A DC pension scheme is simply a pay-in system where the money invested accumulates over time, from which a pension can be drawn from the age of 55. DC schemes, or personal/stakeholder pension schemes, can be a workplace scheme, arranged by the auto-enrolment feature once you qualify with sufficient duration of service at your place of work, or a private pension scheme arranged by yourself. Money that is then contributed to this pot is put into investments, which can increase or decrease the value of the pot by the time you retire.

A Hybrid pension scheme is neither a DB nor DC but has characteristics of both. The structure of this relies on ‘risk sharing’; in a DB scheme, the employer usually bears the risk to pay contributions. In a DC scheme, the ‘member’ takes on the risk associated with their terminal value at the retirement age.
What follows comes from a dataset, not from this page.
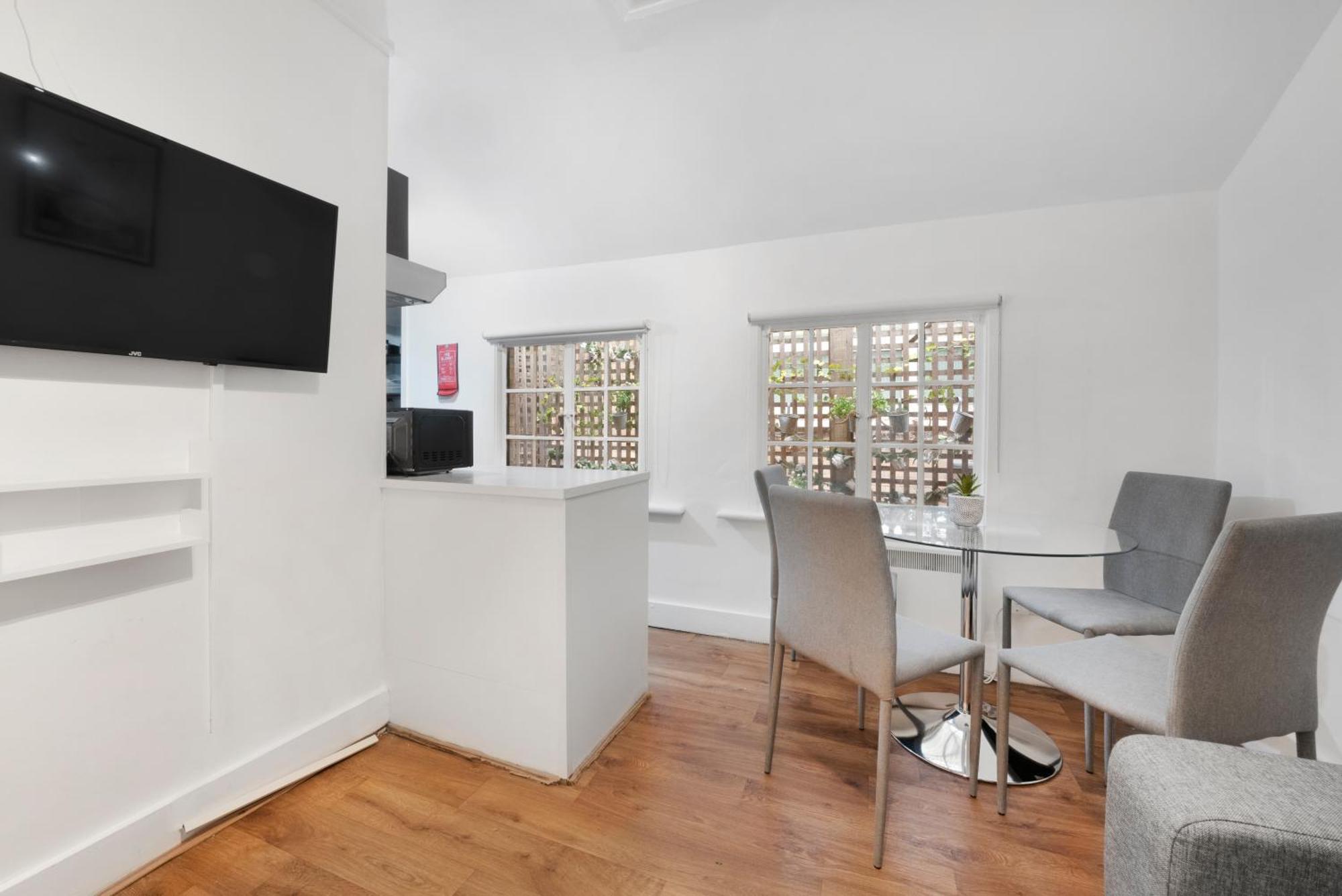 2 Bed Piccadilly Apartment 1 Londra Esterno foto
A Hybrid pension scheme could be a: combination scheme, self-annualising DC scheme, final salary lump-sum scheme, underpin scheme, and cash balance scheme.

The asset mix of pensions funds (the collective of all the schemes) consist mostly of fixed income (mainly sovereign bonds and corporate bonds), equities, commercial property, alternative investments and cash. 

Key UK pension fund institutions include The Pension Regulator (TPR), Pension Protection Fund (PPF), Department for Work and Pensions (DWP), Financial Conduct Authority (FCA), Money and Pensions Service.